まぬままおま

嵐電のまぬままおまのレビュー・感想・評価

嵐電(2019年製作の映画)
4.0
鈴木卓爾監督作品。

京都に住んだことがある身としてはとても胸に響く作品でした。

京都は不思議な街で、都会と言えるほどビルがそびえ立つわけでも、田舎と言うほど何もないわけではない。
だからこそ風景は美しく空は広く澄んでいるし、街中には唯一性を帯びたお店がたくさんある。作中にも登場するように、嵐電の踏切や嵐山・太秦の美しさや駅のホームに接しているカフェなど。

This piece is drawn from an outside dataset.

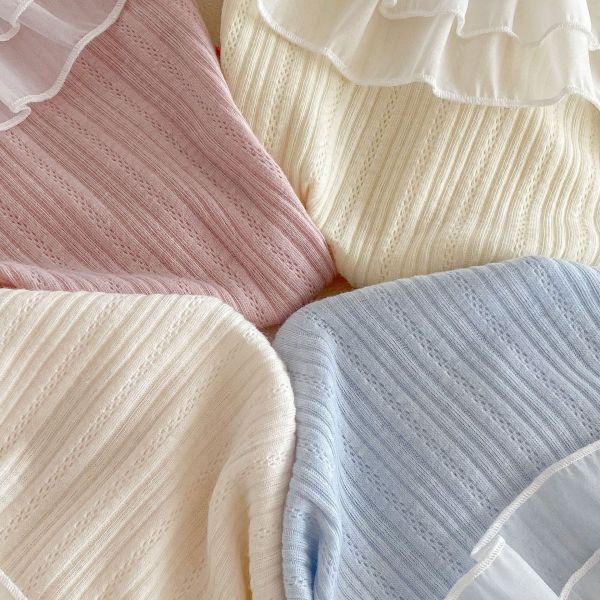 網紗荷葉領卡通素色彈力上衣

そしてそんな街に引き寄せられるように色んな人がいる。
京都が地元な人はもちろん、仕事のためにくる人、修学旅行などで観光にくる人、そして私のように学生が。
色んな人が京都を循環して街をつくっている。それが伝統を守りながら、新しいことも芽吹く土壌になっているのだと思う。だから京都は魅力的な街なのだ。

もちろんそれは人々の歴史や記憶、思いが、痕跡を残して存在していることも意味する。だから登場人物らは、痕跡に触れると共に、嵐電で遥か彼方へ誘われてしまう。そして現実とフィクションが混線しあう。

現実とフィクションの循環。現実を眼差しながら、別様の未来を創造すること。それが映画なのかもしれない。

蛇足1
カフェ店員の小倉嘉子役の大西礼芳さん魅力的だ。